──────── Exercise materials ────────

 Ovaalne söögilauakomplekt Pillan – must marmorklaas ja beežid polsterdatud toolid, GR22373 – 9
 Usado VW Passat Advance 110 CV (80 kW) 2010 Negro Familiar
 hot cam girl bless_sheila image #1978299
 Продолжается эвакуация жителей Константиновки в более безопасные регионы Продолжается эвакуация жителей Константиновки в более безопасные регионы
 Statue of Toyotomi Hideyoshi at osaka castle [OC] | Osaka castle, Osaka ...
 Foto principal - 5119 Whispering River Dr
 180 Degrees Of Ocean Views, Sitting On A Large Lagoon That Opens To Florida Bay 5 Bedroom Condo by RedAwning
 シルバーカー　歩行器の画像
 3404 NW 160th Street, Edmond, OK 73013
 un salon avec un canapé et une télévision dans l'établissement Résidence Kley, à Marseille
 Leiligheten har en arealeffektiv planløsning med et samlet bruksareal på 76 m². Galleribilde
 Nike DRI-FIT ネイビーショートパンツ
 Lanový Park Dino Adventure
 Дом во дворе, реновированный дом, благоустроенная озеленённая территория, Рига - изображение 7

────────

◆ Your task: Starting at the top of the records, copy every line exactly.

◆ Task result:
 Ovaalne söögilauakomplekt Pillan – must marmorklaas ja beežid polsterdatud toolid, GR22373 – 9
 Usado VW Passat Advance 110 CV (80 kW) 2010 Negro Familiar
 hot cam girl bless_sheila image #1978299
 Продолжается эвакуация жителей Константиновки в более безопасные регионы Продолжается эвакуация жителей Константиновки в более безопасные регионы
 Statue of Toyotomi Hideyoshi at osaka castle [OC] | Osaka castle, Osaka ...
 Foto principal - 5119 Whispering River Dr
 180 Degrees Of Ocean Views, Sitting On A Large Lagoon That Opens To Florida Bay 5 Bedroom Condo by RedAwning
 シルバーカー　歩行器の画像
 3404 NW 160th Street, Edmond, OK 73013
 un salon avec un canapé et une télévision dans l'établissement Résidence Kley, à Marseille
 Leiligheten har en arealeffektiv planløsning med et samlet bruksareal på 76 m². Galleribilde
 Nike DRI-FIT ネイビーショートパンツ
 Lanový Park Dino Adventure
 Дом во дворе, реновированный дом, благоустроенная озеленённая территория, Рига - изображение 7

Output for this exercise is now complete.